1962 film by Denis Sanders

War Hunt is a 1962 war film directed by Denis Sanders and starring John Saxon, Robert Redford and Charles Aidman. Produced by Terry Sanders for T-D Enterprises, and released by United Artists, the film features the film debuts of Sydney Pollack and Tom Skerritt and the first major role for Redford. Redford and Pollack met on the set of the film as actors.

The National Board of Review named the film as one of the ten best films of 1962. It won the Silver Sail best feature film award at the 1962 Locarno International Film Festival and was nominated for a UN BAFTA award in 1964.

==Plot==
Near the end of the Korean War, a replacement, Private Loomis, is assigned to an infantry company on the front line. One night, Loomis notices a soldier leaving camp in dark clothing and face paint. He learns that this is Private Endore, who routinely infiltrates enemy lines. The company's commander, Captain Pratt, allows Endore to act independently because, after many of these nighttime excursions, he has returned with useful information. However, Endore is also knifing to death enemy soldiers and, as Loomis himself witnesses during a night patrol, conducts an odd circle-ritual around each of his murdered victims. The other men in the company steer clear of Endore and warn Loomis, who is prone to asking probing questions, not to "mess with that guy".

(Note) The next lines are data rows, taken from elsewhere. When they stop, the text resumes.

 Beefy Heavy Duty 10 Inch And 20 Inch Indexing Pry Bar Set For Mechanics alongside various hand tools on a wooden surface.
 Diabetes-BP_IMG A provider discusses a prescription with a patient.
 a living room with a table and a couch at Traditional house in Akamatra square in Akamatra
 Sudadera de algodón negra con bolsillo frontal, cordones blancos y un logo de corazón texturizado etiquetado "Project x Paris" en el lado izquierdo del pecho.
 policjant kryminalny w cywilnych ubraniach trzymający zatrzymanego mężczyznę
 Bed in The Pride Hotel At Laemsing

Endore's only friend is a Korean orphan, nicknamed Charlie, with whom Loomis tries to cultivate a friendship. He suggests to Endore that the boy should be placed in an orphanage where he will at least have other children around and some kind of basic lifestyle. This brings Loomis into conflict with a demonstrably psychotic Endore, who plans to remain in Korea after the war ends, and to keep Charlie with him.

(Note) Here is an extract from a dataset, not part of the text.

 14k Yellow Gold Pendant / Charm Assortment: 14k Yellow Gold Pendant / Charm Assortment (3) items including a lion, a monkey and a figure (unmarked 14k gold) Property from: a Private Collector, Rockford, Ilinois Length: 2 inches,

The tension comes to a head when the armistice occurs. Endore, in direct defiance of company orders, once more dons dark clothing and takes Charlie to cross enemy lines. Loomis, alarmed that this could impact the armistice, approaches his company sergeant Van Horn (Pollack) about Endore. The two soldiers are forced to bring Endore's actions to Pratt's attention. Pratt, realizing he has let Endore have too free a hand, asks the men for volunteers to bring Endore back, but only Loomis and Van Horn agree to join him.

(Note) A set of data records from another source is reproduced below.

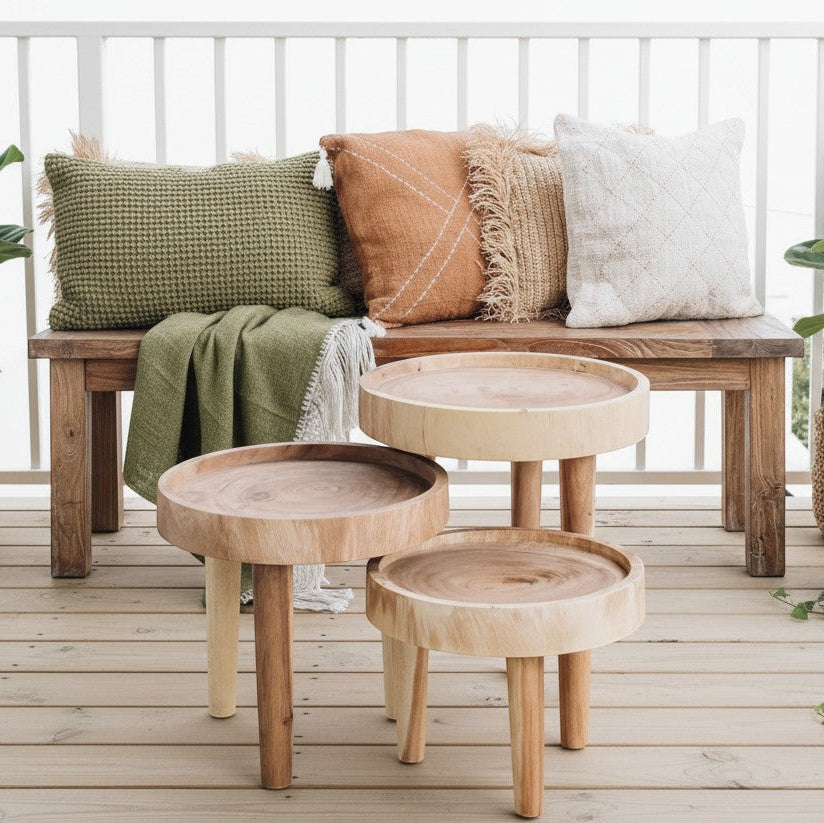 Kayu Living Ulu side table crafted from suar wood with a unique grain pattern and three legs. Natural wood finish.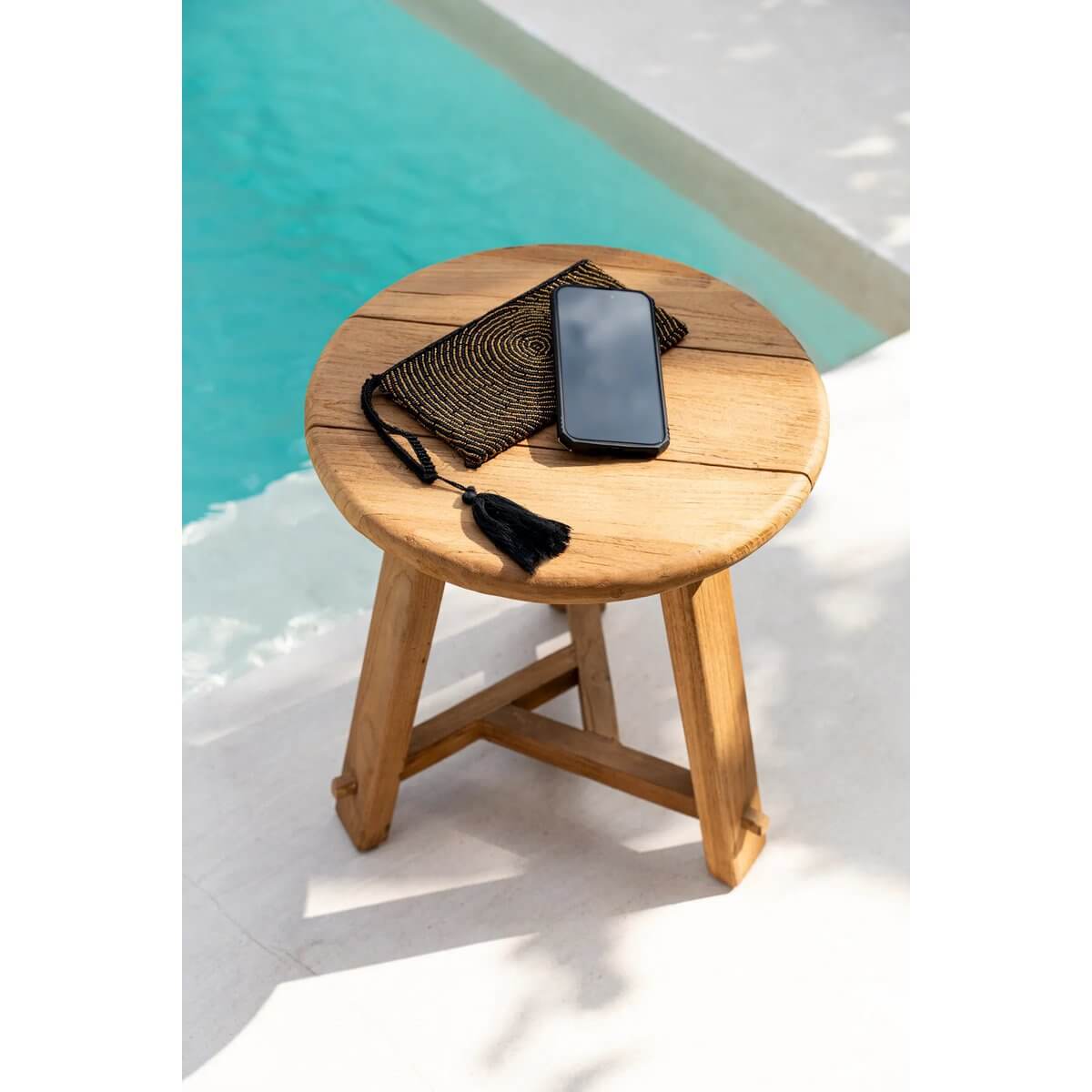 Bohemian style clutch with smartphone on wooden stool by the poolside, evoking a sense of relaxation and chic summer vibes.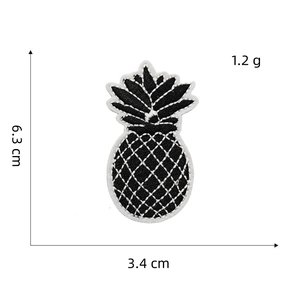 Detail showing dimensions of pineapple embroidery patch measuring 6.3 cm x 3.4 cm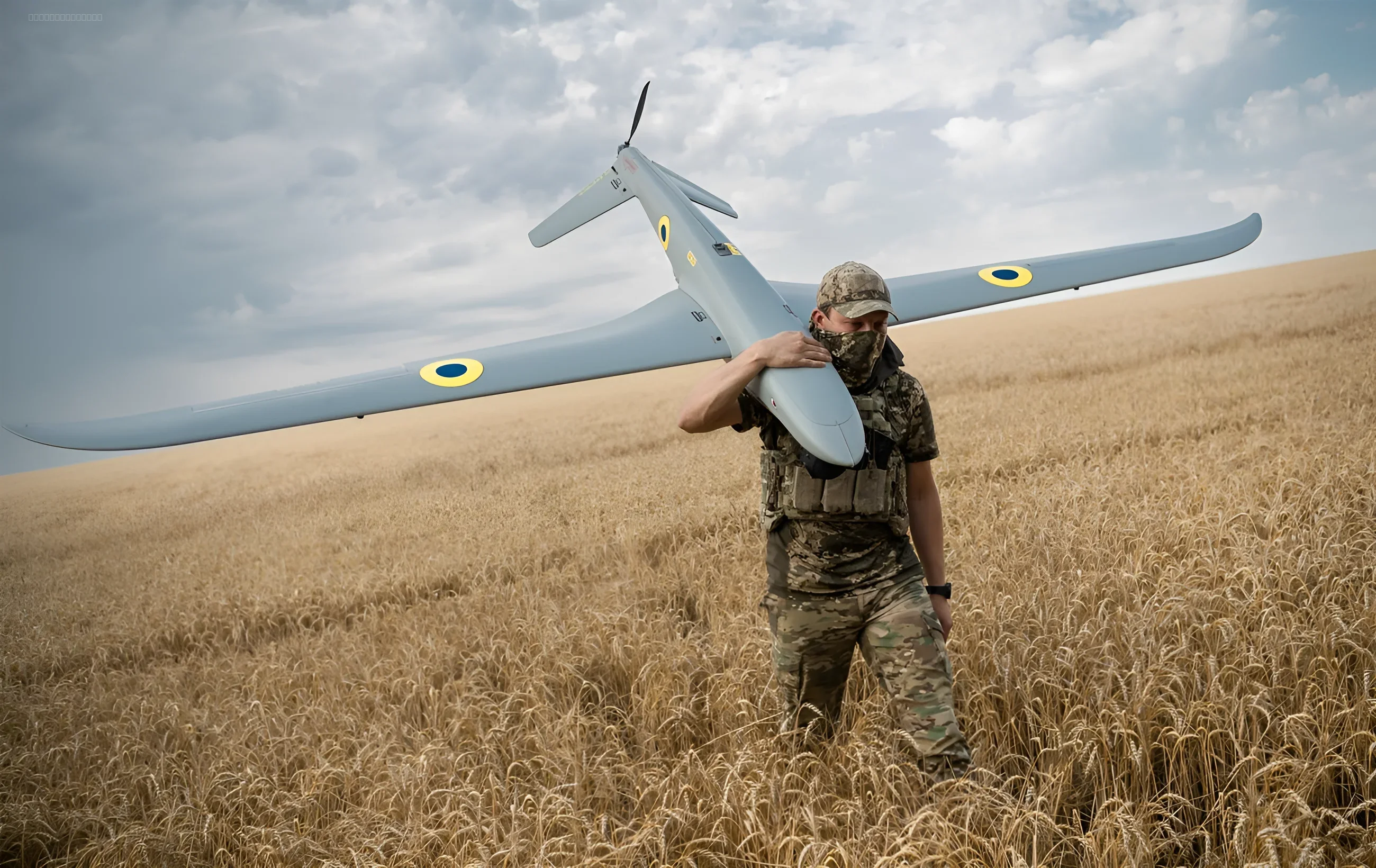 A Ukrainian serviceman carrying a drone on his shoulder in a field, symbolizing the SOF's secret "strike wings"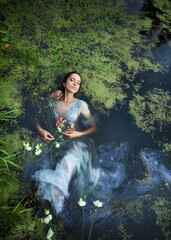 Art beautiful romantic woman lies in swamp in blue long dress with flowers. Portrait brunette in...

The group finally locates Endore, who has taken Charlie behind enemy lines and resists Pratt's orders to return. Endore grabs a knife and attempts to attack Pratt after beating up Van Horn. Despite Loomis' pleas, Pratt shoots the deranged Endore and Charlie flees in the ensuing confusion. The resolution suggests that Charlie, having been influenced and given lessons in killing by Endore, will grow into the same kind of man.

==Cast==
- John Saxon as Private Raymond Endore
- Robert Redford as Private Roy Loomis
- Charles Aidman as Captain Wallace Pratt
- Sydney Pollack as Master Sergeant Owen Van Horn
- Tommy Matsuda as Charlie
- Gavin MacLeod as Private Crotty
- Anthony Ray as Private Joshua Fresno
- Tom Skerritt as Sergeant Stan Showalter
- William Challee as Lieutenant Colonel
- Nancy Hsueh as Mama San
- Francis Ford Coppola as Truck Driver

==Production==
The film was shot in 15 days for US$250,000. Francis Ford Coppola drove a truck in the film and associate producer Noel Black worked as an electrician. The Sanders brothers, who started in Hollywood as second unit directors of the river sequences in The Night of the Hunter, shot most of the film at night to hide their low budget.

Producer Terry Sanders sent the script to the Pentagon in the hope that the Army might provide technical assistance. The Army replied that it objected to many portions of the script, such as a private soldier being an independent professional killer with his commanding officer's approval, a scene in which the captain calls a sergeant an "idiot", and scenes the Army thought "too gruesome to be in good taste".

John Saxon received top billing, but the film is best remembered for Robert Redford's appearance.

==Reception==
Bosley Crowther of The New York Times called the film "one of the most original and haunting war movies in years" and said "most of this picture is pure unvarnished gold".